A selection of the best articles about politics, business and life on the Rock from the last seven days.

  1. Gibraltar 1-0 Malta: Kyle Casciaro the goal hero as UEFA newcomers claim first win (Daily Mail)

Gibraltar’s victory over Malta on Wednesday 4th June was widely reported. The Daily Mail writes: “Newcomers Gibraltar claimed their first win in only their fifth international match after Kyle Casciaro scored the winner on Wednesday. Casciaro, who plays for Lincoln in the Gibraltar Premier Division, fired home in the 66th minute in the friendly played in Portugal. Gibraltar had to hold their nerve during five minutes of injury time before they could celebrate the memorable victory.” Read our interview with the Gibraltar Football Association’s chief exec Dennis Beiso here.
 

  1. Change in  marriage laws will boost tourism income (Gibraltar Chronicle)

Gibraltar’s parliament have unanimously approved new legislation which means non-resident couples wishing to marry in Gibraltar will have to spend at least one night on the Rock either before or after the ceremony. This night could be spent in a hotel or with a resident of the Rock. Tourism minister Neil Costa, who initiated the policy change, has said the change will bring financial benefits to local business.

 

  1. Draft legislation promises tougher tobacco regulation (Gibraltar Chronicle)

Disputes over the movement of cheap tobacco from Gibraltar to neighbouring Spain have caused significant border tension. Attempts to smuggle tobacco from Gibraltar across the frontier are frequent, and Spain has accused Gibraltar of a lack of cooperation in curbing smuggling. New draft legislation put to Gibraltar’s parliament would mean tobacco venders must slash the maximum purchase allowance from 1,000 to 200 cigarettes, alongside further amendments to the 1997 Tobacco Act.

 

  1. Chief Minister reflects on long overdue improvements to Gibraltar’s social fabric (Vox)

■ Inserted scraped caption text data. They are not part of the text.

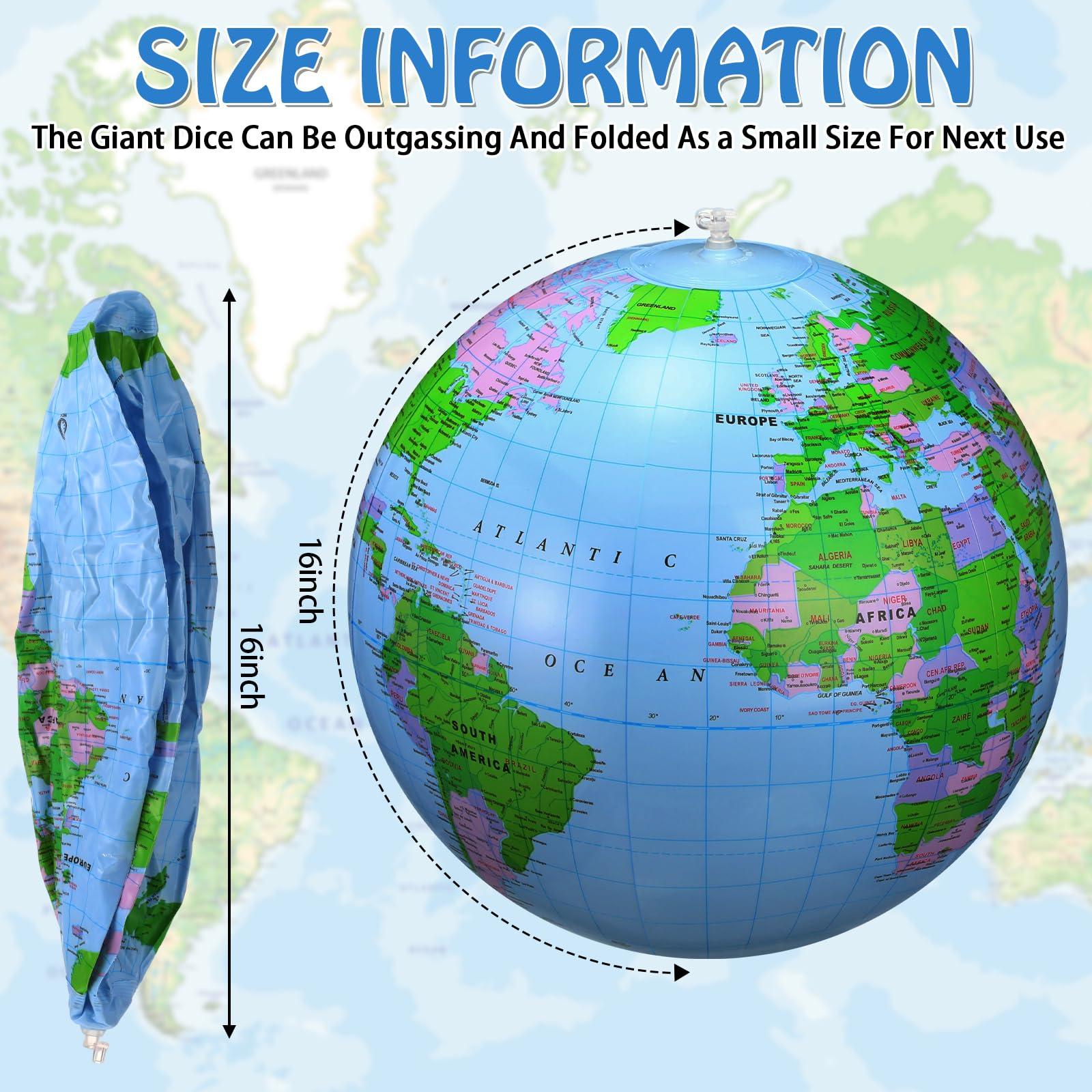 Pangda Pangda 8 Pack Inflatable Globe Blow up World Globe PVC Inflatable Earth Beach Ball for Playing or Teaching, 16 Inch Globe Beach Ball for Kids Party Bags Summer Pool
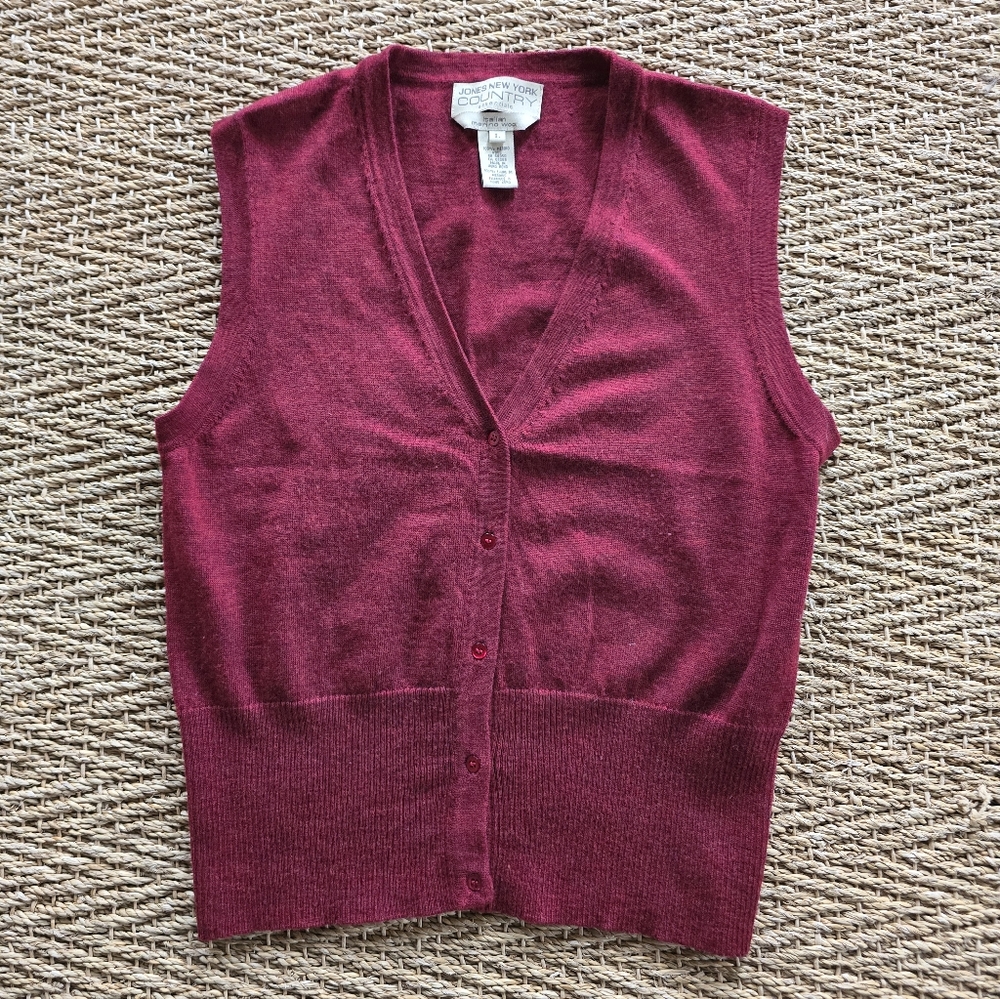 Jones New York Merino Wool Top in Deep Red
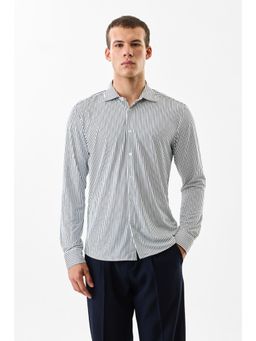 Snitch - Men White Polyester Blend Formal Shirt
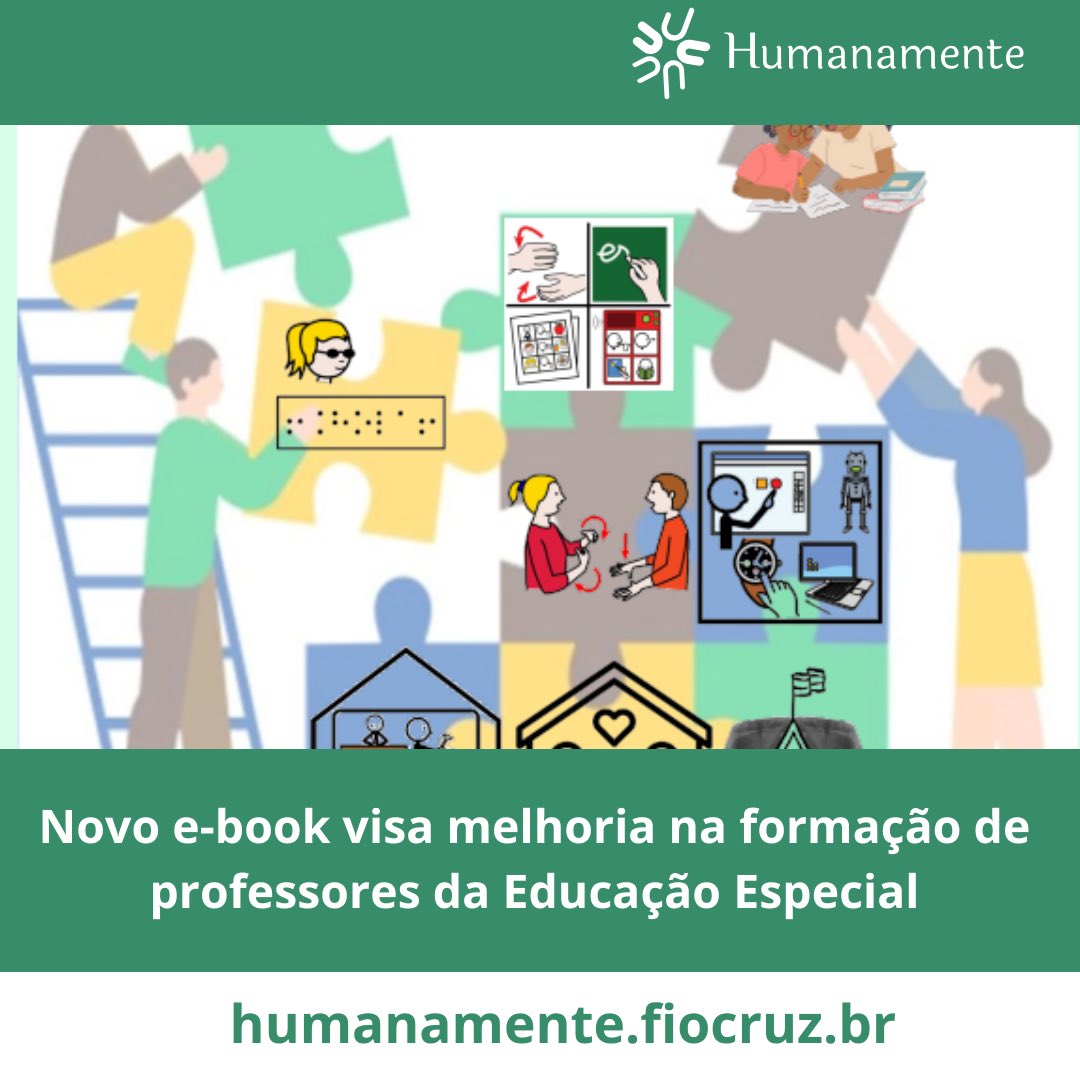 NOVO E-BOOK VISA MELHORIA NA FORMAÇÃO DE PROFESSORES DA EDUCAÇÃO ESPECIAL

In a statement released by the government, Chief Minister Fabian Picardo reflected on social changes to Gibraltarian society, including the Gibraltarian Status Act. The act, amended last week, “extended the right to be registered and identify as Gibraltarian to those British citizen who had lived in Gibraltar for 10 year, rather than for 25 years as was previously the case.”

 

  1. EU Commissioner in Madrid to discuss Gibraltar (Panorama)

Swedish politician and European Commissioner for Home Affairs Cecilia Malmstrom arrived in Madrid on 3rd June for a series of meetings with Spanish Ministers and officials, reports Panorama. They report her agenda is a “closely guarded secret”, though it is known that issues on the Gibraltar Frontier will also feature high on her discussion list.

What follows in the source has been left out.